Growing up in New York state, I seldom saw a person of color, but my Lebanese family probably qualified as the official immigrants in the city. We were darker skinned than people with last names like Anderson and Clark.
We did our best to fit in – we loved potato salad and fried chicken, but we ate food our “American” friends couldn’t pronounce – kibbee, tabooley and fataya.
Our grandparents spoke Arabic to each other instead of English, even though the first order of business my grandfather performed at his store each and every morning was to post the American flag.
When my family moved to Louisiana, I was in middle school and definitely the outsider. Trying to fit into the established culture of Louisiana in the late 1960s wasn’t easy.
I spoke with a pronounced Northern accent and, worse than any other social mistake, I was a “Yankee.” The prejudice toward people different than those who grew up in that town was subtle but it was there.
It was in the way elderly people of color deferred to the white people. It was in the way older whites spoke to people of color, the superior tone in their voices conveying a flawed belief that they were better because of the lightness of their skin.
In the aisles of the Winn Dixie, I heard quiet talk of the Ku Klux Klan, and whispers of Klan meetings in our Louisiana town.
But I came to see black people differently through a classmate, Gerald. He was smart, funny and had a constant smile. He was the first friend I had who was not white, and he made me see that just because people are a different color on the outside doesn’t mean we’re different on the inside.
But he still couldn’t come to our houses, nor we to his, and that wall was one we didn’t think we could ever tear down because prejudice was part of the Southern fabric of life in those days.
Not only that, but people were scared. No one wanted a cross burned in their yard, and there were whispered stories of families who’d had that happen because they were supportive of civil rights.

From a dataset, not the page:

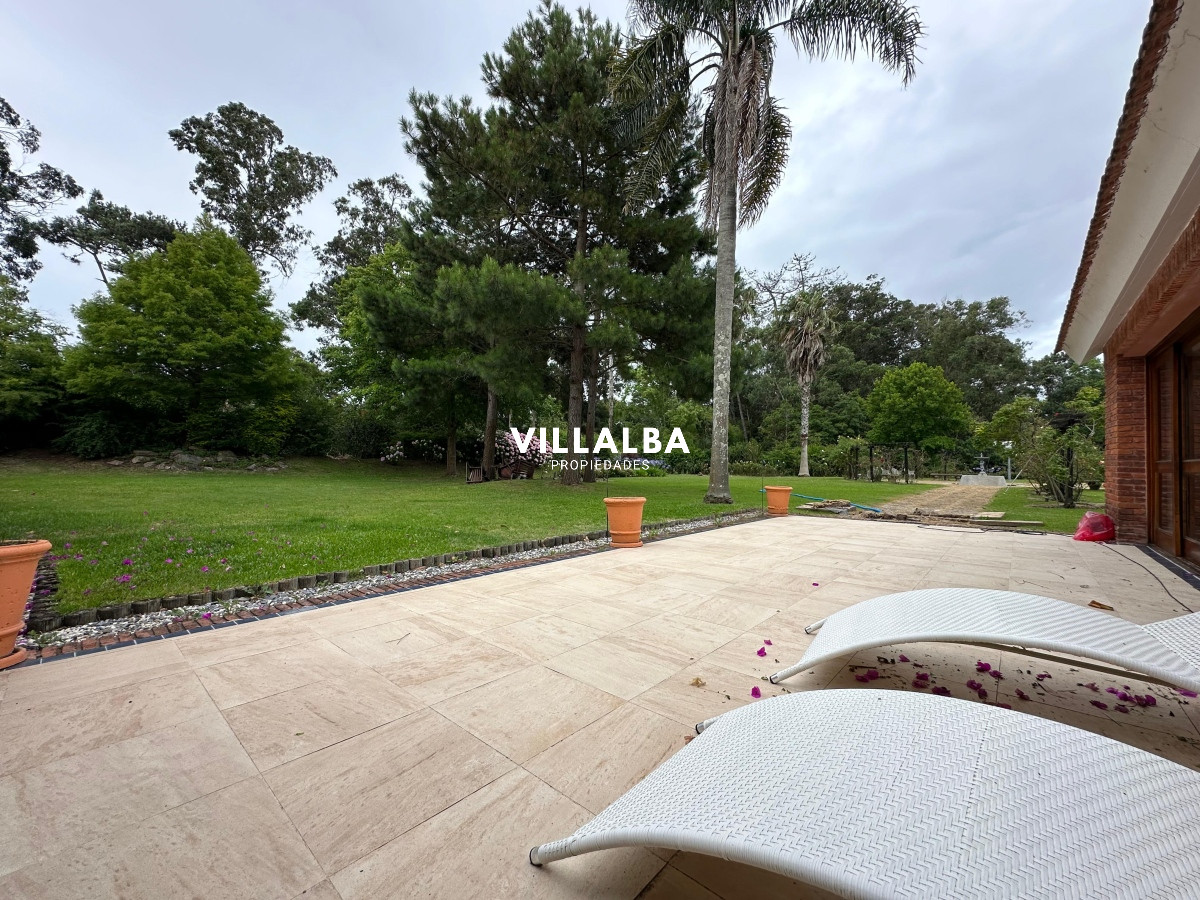 Apartamento ID.2813 - Propiedad exclusiva ubicada en Golf, Punta del este 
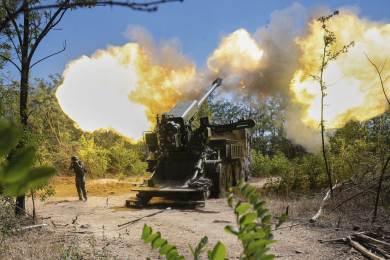 Politico: Trump a Zelenskyj zlepšili své vztahy, Putin jeví ochotu vyjednávat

The Confederate flag was flown openly and proudly and no one questioned why we flew the flag of slavery and prejudice at the same level as the American flag that stood for equality and freedom.
That’s because the Confederate flag – like offensive bumper stickers and racist and homosexual jokes at parties – are seen and heard so often that society becomes desensitized to just how hurtful and damaging those signs are.
But the time for overlooking is over. The heart-breaking and horrible hate crime that took place in Charleston S.C. is a wake-up call to the undercurrents of prejudice in this country.
A despicable white man sat down in a historic African-American church and listened to members talk about the word of God for over an hour.
Then he pulled out a gun and killed them, face to face, in cold blood.
The word “monster” doesn’t come close. Evil, twisted and doomed to hell are more appropriate. He won’t get the “mentally ill” or “terrorist” pass from me. I won’t repeat his name because to do so would give him even more publicity.
The names I will repeat, with respect, sadness and sorrow are those who lost their lives that day: Depayne Middleton Doctor, Cynthia Hurd, Susie Jackson, Ethel Lance, the Rev. Clementa Pinckney, Tywanza Sanders, the Rev. Dr. Daniel Simmons Sr., Sharonda Coleman-Singleton and Myra Thompson.
We can help them rest in peace by no longer ignoring subtle prejudices. Take down those Confederate flags, and scrape them off truck windows.
Stop judging a person by the color of their skin. Don’t listen to the racial jokes or look the other way when you see injustice. Stop excusing cruel behavior because they’re “good ole boys.”
And remember what Dr. Martin Luther King Jr. said: “The ultimate tragedy is not the oppression and cruelty of the bad people, but the silence over that by the good people.”